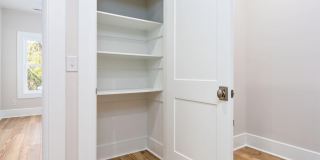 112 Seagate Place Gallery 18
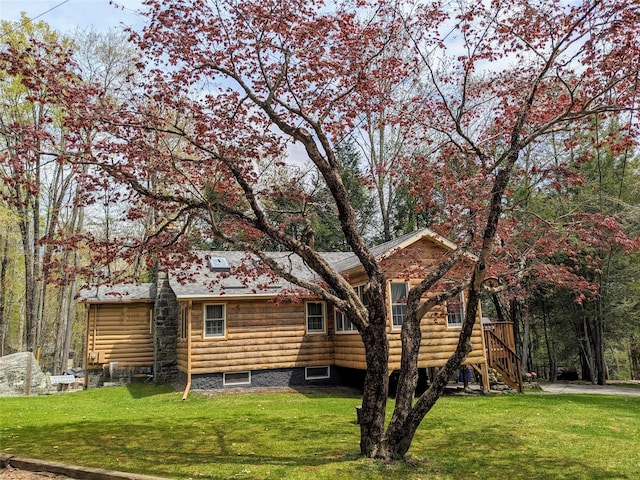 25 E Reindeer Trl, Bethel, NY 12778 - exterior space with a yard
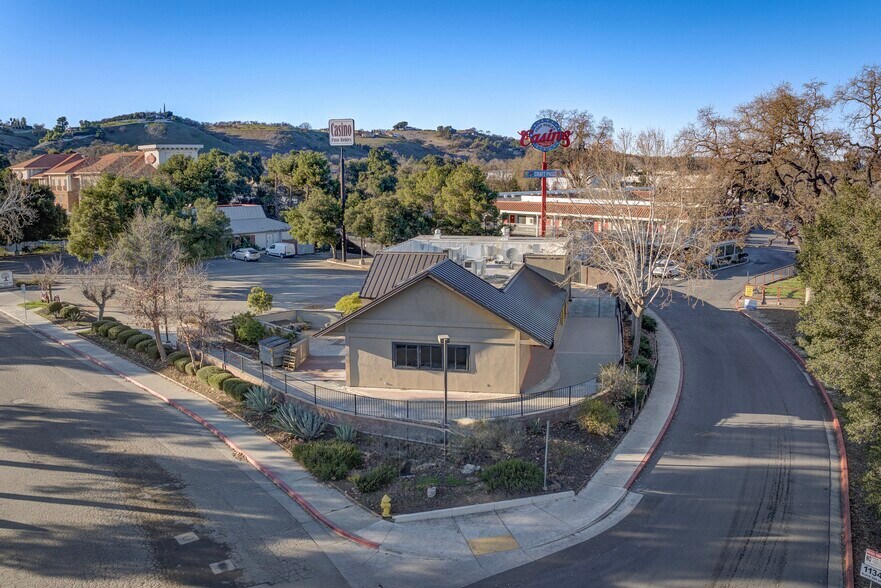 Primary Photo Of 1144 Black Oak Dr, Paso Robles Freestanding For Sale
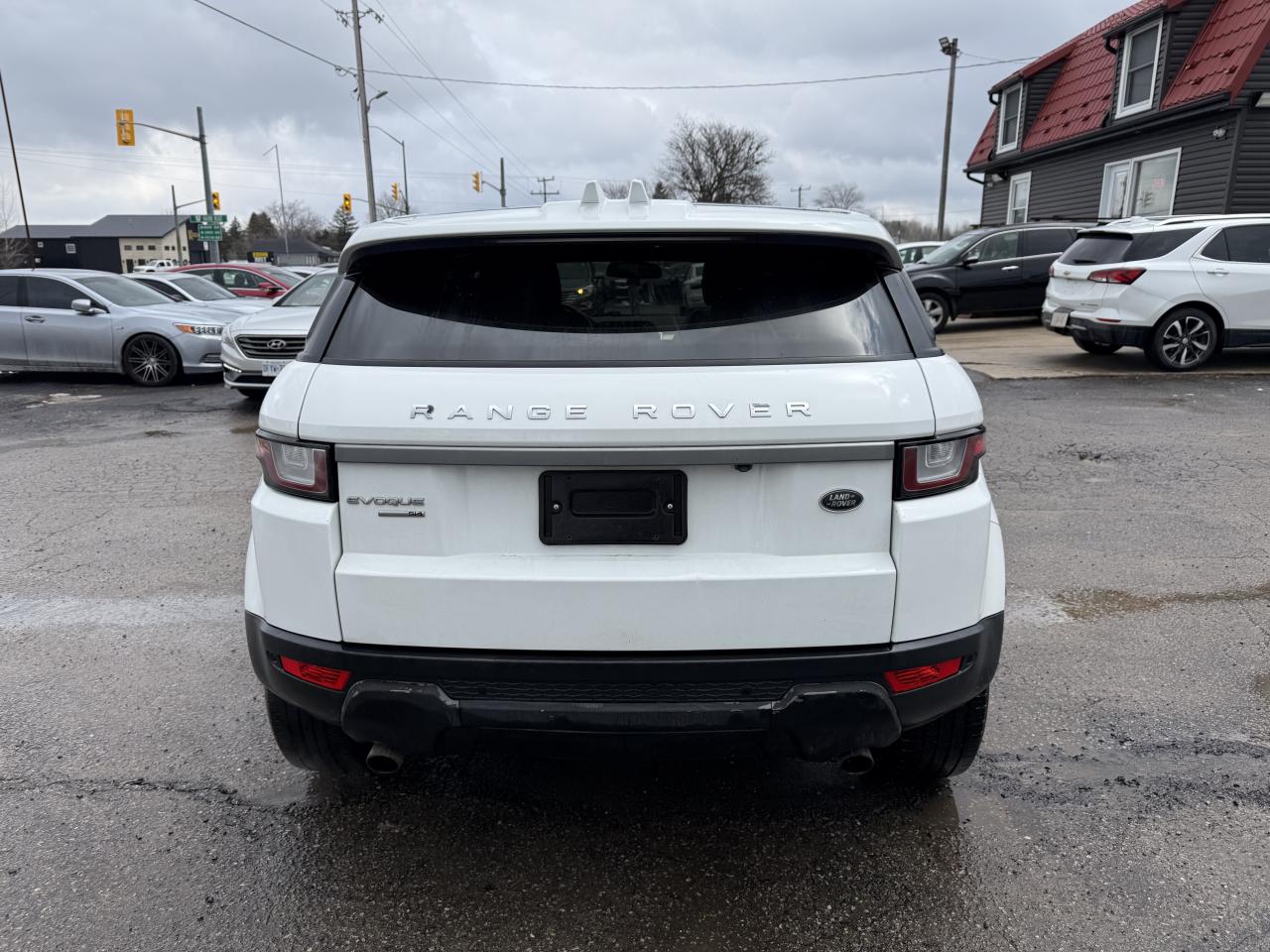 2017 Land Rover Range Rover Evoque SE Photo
==================================================
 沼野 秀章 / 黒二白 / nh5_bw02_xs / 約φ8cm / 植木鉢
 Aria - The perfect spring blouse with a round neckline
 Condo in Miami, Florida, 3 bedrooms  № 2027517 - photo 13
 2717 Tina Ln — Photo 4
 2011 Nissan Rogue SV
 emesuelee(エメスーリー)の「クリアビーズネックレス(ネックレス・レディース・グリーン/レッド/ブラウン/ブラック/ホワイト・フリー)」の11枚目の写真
==================================================
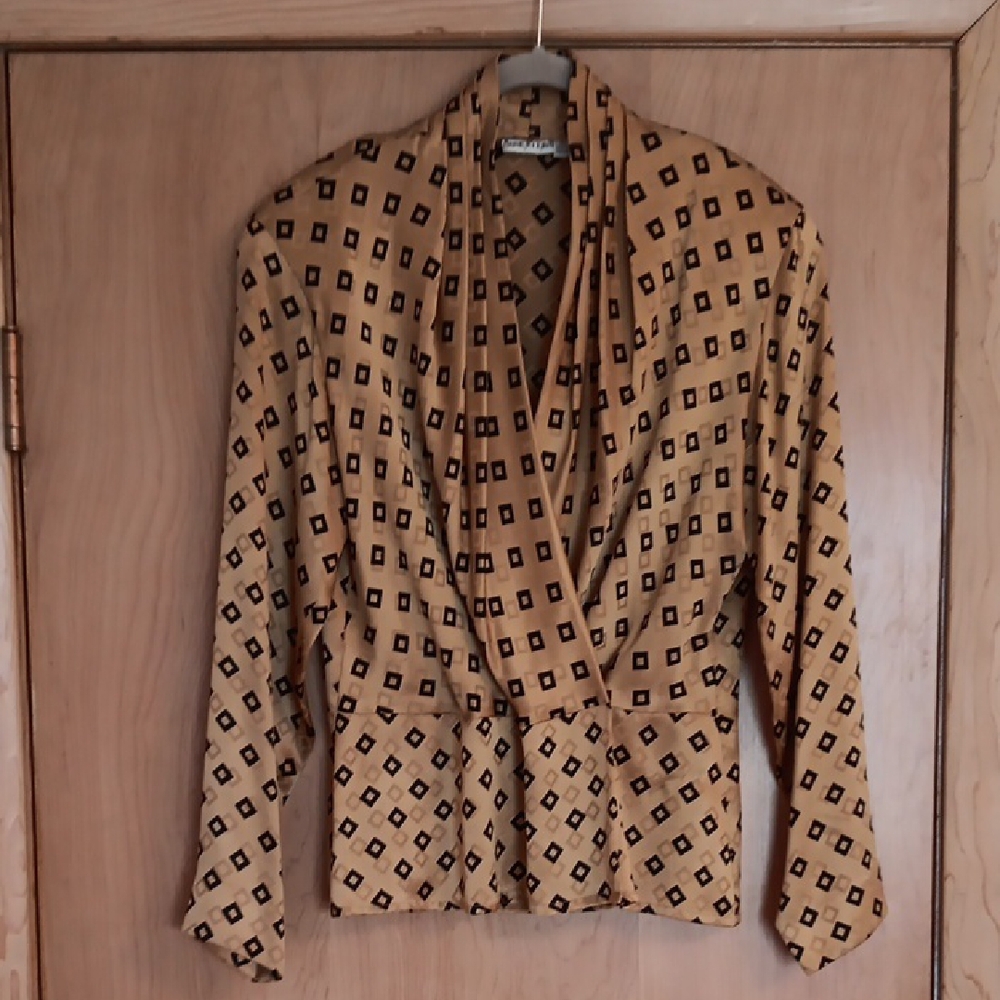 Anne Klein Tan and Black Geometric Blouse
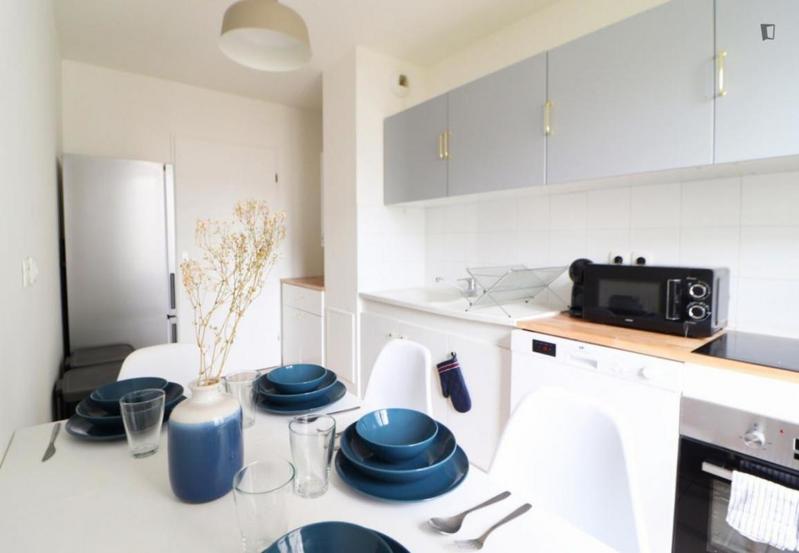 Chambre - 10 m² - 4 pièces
==================================================
» Your assignment:
Output, from the data above, the lines from the line with "2717 Tina Ln — Photo 4" to the line with "emesuelee(エメスー" exactly as they stand, both ends included and nothing else.

» Reply to the task:
 2717 Tina Ln — Photo 4
 2011 Nissan Rogue SV
 emesuelee(エメスーリー)の「クリアビーズネックレス(ネックレス・レディース・グリーン/レッド/ブラウン/ブラック/ホワイト・フリー)」の11枚目の写真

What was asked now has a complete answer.